The great thing about this is that I am going to do more of it. I already have an idea that combines my glass beads with fabric and paint, so I will post pictures when I make another one. Maybe I will bind them into a kind of art journal, I don't know.
I also made a new wrapped-rope bag, which I finally finished. I love it. It's my purse/tote, and I can put quite a lot of stuff in there.
I adore the fabric tassel I made with scraps from the bag itself....cut into 1/2" widths and stitched together at the top, it is a fun decoration for sure. I added one of my glass disc beads and some perle cotton.
I debated shortening the tassel, but I think I like it better long. I know it will fray, and that's kind of the idea.
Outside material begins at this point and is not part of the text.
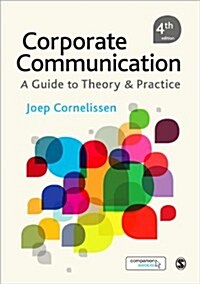 Corporate Communication : A Guide to Theory and Practice (Paperback, 4 Rev ed)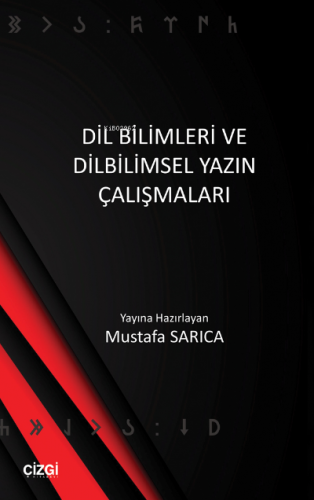 Dil Bilimleri ve Dilbilimsel Yazın Çalışmaları | Mustafa Sarıca | Çizg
Below is a closer shot of the texture of the bag itself. It's made using a sort of rag-rug technique, where I wrap strips of fabric around cotton clothesline, and then spiral it into shape, stitching it down with a fairly wide zig-zag. It's fun to see the bag take shape. I learned the technique from this book, It's A Wrap!, and it's fairly easy. It just takes time to complete it. I've made two bags/totes like this, and I'm thinking to make at least one or two more for Christmas gifts.
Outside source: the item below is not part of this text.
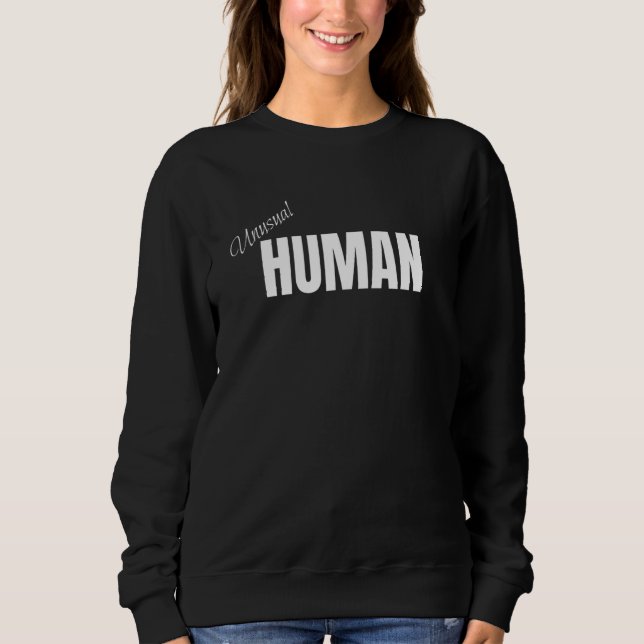 Unusual Human Awkward Different Diverse Personalit Sweatshirt (Front)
And a shot of the purse strap, which is cotton webbing I embellished with slices of the bag fabric. It's a messy, scrappy, fraying thing, but again, that's what I was going for, so it's fine. If it frays TOO much, though, I may have to go back over it all with more stitching. So far, so good at the moment.
I wish I could say I have new glasswork to show, but I haven't fired up my torch in a while. The summer's been hectic and hot, and I just haven't felt inclined to make any beads. I'm starting to get ideas, though, and I do have a show coming up in September, so as soon as the kids go back to school, I am blazing my torch up!
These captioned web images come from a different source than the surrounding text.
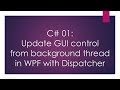 C# 01: Update UI control from background thread in WPF with Dispatcher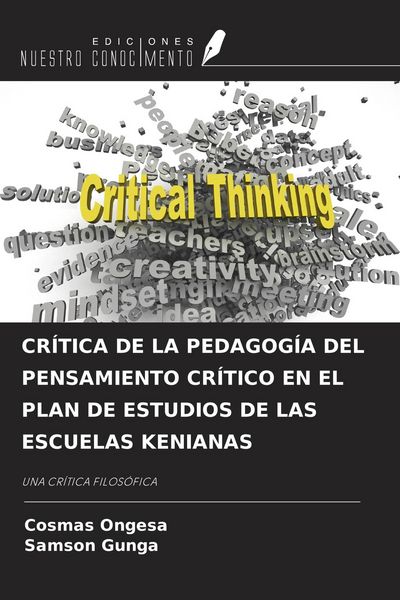 Produktbild: CR&Iacute;TICA DE LA PEDAGOG&Iacute;A DEL PENSAMIENTO CR&Iacute;TICO EN EL PLAN DE ESTUDIOS DE LAS ESCUELAS KENIANAS
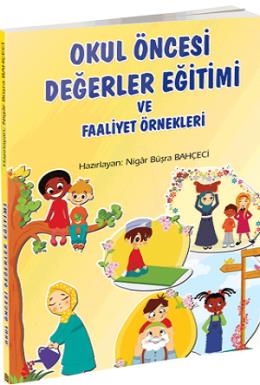 Okul Öncesi Değerler Eğitimi ve Faaliyet Örnekleri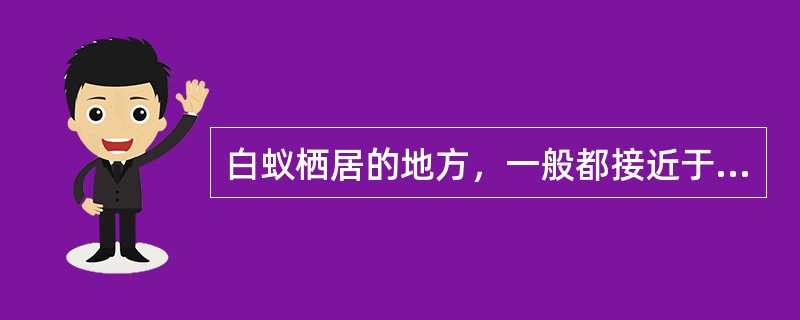 白蚁栖居的地方，一般都接近于水源，比较潮湿，阴暗，通风（），食料集中，平时又不易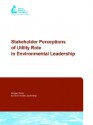 Stakeholders Perceptions of Utility Role in Environmental Leadership: Subject Area: Environmental Leadership - Chris Tatham, Elaine Tatham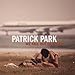 Song All or Nothing by Patrick Park on We Fall Out of Touch (EP) at Amazon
I still need to generate the funds to buy the oxygen concentrator to run the new Bobcat. Shouldn't be too hard...there's a show in September, and another one in November, and other random opportunities for holiday sales, so I should be able to raise the $400 ballpark figure without too much trouble. :)
I'm sure you've noticed a scaling-back in my posts here. I'm rethinking my business right now, and trying to figure out how much I really want to do. I know I enjoy making work for sale, and going to a few shows each year to support my glass habit and hang out with artist friends. But I haven't submitted work to magazines, nor have I spent much time in any self-promotion to increase sales or my visibility as an artist. I'm fine with that, as I have been for a while. I just can't balance it all (whew, why is that so hard to admit sometimes?).
Recently, I've had an opportunity to get back into riding horses, something that is near and dear to my heart, even though I didn't really learn to ride until I was twenty. I've been off horses for twelve years, and when my middle daughter, Wren, started riding this year, I realized I really really REALLY wanted to get back to it myself. So about two months ago, I did. I've been riding once a week at the lesson barn where my daughter is riding, taking lessons with Wren's instructor, and re-learning whatever I used to know about horses and riding. It's been an incredible experience, and I am so grateful to my husband, who makes it even remotely possible.
This is me, on Sail The Bay, who is usually called Sailor. He's a 17.2 hand Belgian/Thoroughbred cross gelding, and he is owned by a really nice 16 year old boy who takes lessons at the barn, too.
I really love this sweet, gentle, giant of a horse. He's tough to get and keep moving because he's so huge, but he's great for my over-40 adult rider confidence level. I can't wait til tomorrow, because I have my weekly lesson, AND I get to wear my new boots!
So that's where I'm at these days. Still making stuff, and having fun. I hope your summer has been fantastic, too!